Items from a data source:
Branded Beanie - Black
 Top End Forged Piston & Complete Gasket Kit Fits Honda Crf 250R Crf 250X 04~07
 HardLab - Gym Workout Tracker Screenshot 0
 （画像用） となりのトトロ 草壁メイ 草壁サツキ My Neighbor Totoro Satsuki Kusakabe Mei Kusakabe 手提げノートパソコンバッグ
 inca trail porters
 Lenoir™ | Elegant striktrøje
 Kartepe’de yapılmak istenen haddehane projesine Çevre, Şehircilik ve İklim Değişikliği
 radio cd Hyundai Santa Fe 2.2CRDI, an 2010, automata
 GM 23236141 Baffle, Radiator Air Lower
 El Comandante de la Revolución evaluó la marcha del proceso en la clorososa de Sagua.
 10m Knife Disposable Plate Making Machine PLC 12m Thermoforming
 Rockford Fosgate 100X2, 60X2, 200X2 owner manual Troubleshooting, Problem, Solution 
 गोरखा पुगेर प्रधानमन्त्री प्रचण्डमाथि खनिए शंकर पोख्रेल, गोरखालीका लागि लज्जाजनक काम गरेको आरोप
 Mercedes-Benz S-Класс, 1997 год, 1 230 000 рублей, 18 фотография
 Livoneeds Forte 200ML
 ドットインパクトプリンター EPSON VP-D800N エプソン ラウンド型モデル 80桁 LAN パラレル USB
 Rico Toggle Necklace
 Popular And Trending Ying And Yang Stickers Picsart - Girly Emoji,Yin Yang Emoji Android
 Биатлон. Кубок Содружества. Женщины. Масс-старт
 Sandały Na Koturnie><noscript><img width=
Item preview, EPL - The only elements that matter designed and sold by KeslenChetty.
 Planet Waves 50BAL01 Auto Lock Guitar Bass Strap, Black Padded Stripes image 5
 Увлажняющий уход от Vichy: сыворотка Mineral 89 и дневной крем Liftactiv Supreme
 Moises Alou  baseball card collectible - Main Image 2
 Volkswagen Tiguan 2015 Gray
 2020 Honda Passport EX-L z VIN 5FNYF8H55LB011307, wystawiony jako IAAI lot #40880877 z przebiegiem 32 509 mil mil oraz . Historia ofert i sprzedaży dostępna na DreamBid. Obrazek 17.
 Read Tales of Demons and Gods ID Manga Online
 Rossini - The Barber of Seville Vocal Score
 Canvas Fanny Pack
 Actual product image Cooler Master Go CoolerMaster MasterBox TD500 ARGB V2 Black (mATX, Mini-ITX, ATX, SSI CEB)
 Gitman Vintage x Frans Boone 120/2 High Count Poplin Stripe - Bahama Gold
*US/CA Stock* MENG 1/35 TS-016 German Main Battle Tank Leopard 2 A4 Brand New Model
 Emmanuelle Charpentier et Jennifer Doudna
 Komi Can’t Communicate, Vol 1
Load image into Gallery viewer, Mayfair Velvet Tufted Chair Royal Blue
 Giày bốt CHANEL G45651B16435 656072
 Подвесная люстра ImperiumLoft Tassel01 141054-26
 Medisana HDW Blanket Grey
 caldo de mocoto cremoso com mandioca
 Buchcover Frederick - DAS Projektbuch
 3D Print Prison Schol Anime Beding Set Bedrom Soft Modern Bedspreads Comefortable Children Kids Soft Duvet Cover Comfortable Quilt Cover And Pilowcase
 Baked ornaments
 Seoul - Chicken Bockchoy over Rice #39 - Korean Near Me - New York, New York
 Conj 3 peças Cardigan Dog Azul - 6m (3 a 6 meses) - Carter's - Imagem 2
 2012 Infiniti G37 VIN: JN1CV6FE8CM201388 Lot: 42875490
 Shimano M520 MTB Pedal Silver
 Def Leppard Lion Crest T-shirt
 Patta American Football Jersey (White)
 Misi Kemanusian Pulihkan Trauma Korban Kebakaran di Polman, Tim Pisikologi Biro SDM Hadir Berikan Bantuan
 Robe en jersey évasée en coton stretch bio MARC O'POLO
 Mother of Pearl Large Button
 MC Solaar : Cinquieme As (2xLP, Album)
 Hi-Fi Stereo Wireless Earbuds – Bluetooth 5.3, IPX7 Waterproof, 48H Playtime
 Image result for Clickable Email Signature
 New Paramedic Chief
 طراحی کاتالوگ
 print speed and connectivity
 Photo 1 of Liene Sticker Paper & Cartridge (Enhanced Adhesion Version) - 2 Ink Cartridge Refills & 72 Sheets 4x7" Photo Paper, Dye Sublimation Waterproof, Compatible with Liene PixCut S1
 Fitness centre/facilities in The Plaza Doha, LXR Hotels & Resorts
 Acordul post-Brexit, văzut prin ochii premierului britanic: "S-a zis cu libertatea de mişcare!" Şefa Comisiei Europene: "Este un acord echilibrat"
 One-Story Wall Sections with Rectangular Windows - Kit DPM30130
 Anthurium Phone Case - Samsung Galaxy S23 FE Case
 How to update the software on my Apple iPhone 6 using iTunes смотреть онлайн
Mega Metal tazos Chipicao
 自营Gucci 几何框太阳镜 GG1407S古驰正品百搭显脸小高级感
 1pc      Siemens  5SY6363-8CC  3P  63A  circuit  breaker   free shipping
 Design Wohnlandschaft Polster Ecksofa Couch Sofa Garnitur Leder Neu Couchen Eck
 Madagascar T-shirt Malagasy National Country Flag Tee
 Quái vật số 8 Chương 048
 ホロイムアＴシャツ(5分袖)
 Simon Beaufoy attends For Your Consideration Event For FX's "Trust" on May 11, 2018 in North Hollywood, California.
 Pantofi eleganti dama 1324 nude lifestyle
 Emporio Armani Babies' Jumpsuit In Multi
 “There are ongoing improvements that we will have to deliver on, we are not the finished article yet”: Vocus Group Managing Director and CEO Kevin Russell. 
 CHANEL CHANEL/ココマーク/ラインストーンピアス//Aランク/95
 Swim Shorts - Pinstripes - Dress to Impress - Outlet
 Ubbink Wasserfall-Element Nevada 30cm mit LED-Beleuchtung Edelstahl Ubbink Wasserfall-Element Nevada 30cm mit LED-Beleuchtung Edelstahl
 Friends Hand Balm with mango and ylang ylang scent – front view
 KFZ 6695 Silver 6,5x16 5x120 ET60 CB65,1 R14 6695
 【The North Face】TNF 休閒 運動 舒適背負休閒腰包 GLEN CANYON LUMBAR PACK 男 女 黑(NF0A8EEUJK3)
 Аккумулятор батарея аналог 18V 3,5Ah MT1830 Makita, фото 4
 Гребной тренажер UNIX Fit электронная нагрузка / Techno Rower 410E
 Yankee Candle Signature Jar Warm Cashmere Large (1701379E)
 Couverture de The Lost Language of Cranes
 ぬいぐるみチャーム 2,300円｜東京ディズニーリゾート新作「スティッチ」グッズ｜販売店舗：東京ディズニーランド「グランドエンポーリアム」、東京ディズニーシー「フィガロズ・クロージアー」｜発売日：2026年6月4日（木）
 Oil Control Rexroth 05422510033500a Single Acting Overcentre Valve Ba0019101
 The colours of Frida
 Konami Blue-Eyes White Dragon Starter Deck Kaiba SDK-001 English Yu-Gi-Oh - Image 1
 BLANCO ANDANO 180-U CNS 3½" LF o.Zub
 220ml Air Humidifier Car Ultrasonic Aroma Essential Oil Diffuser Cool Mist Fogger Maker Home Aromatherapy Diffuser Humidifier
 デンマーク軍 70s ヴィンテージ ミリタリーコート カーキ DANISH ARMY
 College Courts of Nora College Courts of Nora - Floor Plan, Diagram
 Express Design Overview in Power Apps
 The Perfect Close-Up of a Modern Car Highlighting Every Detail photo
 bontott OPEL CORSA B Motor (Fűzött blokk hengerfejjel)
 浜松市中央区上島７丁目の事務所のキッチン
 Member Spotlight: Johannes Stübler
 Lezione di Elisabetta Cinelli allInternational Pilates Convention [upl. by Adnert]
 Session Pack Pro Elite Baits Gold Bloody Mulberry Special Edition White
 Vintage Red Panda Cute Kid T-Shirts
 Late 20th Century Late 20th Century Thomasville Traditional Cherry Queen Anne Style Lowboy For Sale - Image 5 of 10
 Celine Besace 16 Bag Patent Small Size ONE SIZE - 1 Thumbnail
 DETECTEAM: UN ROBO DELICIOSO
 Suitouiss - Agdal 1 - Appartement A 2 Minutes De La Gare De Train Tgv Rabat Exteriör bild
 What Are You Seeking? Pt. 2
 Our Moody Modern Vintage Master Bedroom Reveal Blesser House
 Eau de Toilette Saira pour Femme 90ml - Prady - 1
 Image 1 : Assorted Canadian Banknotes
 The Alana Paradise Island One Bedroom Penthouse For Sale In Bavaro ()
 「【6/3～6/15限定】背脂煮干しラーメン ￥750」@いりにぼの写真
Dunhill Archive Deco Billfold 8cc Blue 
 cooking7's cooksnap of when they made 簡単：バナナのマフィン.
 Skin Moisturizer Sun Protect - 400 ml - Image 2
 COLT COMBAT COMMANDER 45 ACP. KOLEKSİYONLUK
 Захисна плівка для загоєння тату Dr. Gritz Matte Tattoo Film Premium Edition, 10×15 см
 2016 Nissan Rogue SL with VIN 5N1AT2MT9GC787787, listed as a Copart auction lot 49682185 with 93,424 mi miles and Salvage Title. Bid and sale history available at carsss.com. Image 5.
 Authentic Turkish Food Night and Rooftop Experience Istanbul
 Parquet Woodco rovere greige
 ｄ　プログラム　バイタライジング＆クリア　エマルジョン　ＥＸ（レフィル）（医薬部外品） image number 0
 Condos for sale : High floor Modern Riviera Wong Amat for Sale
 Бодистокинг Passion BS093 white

TASK DESCRIPTION: From the entries above, restate word for word the lines from the line containing "Lenoir™ | Elegant striktrøje" to the line containing "Popular And Trending", both ends included, and nothing more.

SOLUTION FOR THIS PROBLEM:
 Lenoir™ | Elegant striktrøje
 Kartepe’de yapılmak istenen haddehane projesine Çevre, Şehircilik ve İklim Değişikliği
 radio cd Hyundai Santa Fe 2.2CRDI, an 2010, automata
 GM 23236141 Baffle, Radiator Air Lower
 El Comandante de la Revolución evaluó la marcha del proceso en la clorososa de Sagua.
 10m Knife Disposable Plate Making Machine PLC 12m Thermoforming
 Rockford Fosgate 100X2, 60X2, 200X2 owner manual Troubleshooting, Problem, Solution 
 गोरखा पुगेर प्रधानमन्त्री प्रचण्डमाथि खनिए शंकर पोख्रेल, गोरखालीका लागि लज्जाजनक काम गरेको आरोप
 Mercedes-Benz S-Класс, 1997 год, 1 230 000 рублей, 18 фотография
 Livoneeds Forte 200ML
 ドットインパクトプリンター EPSON VP-D800N エプソン ラウンド型モデル 80桁 LAN パラレル USB
 Rico Toggle Necklace
 Popular And Trending Ying And Yang Stickers Picsart - Girly Emoji,Yin Yang Emoji Android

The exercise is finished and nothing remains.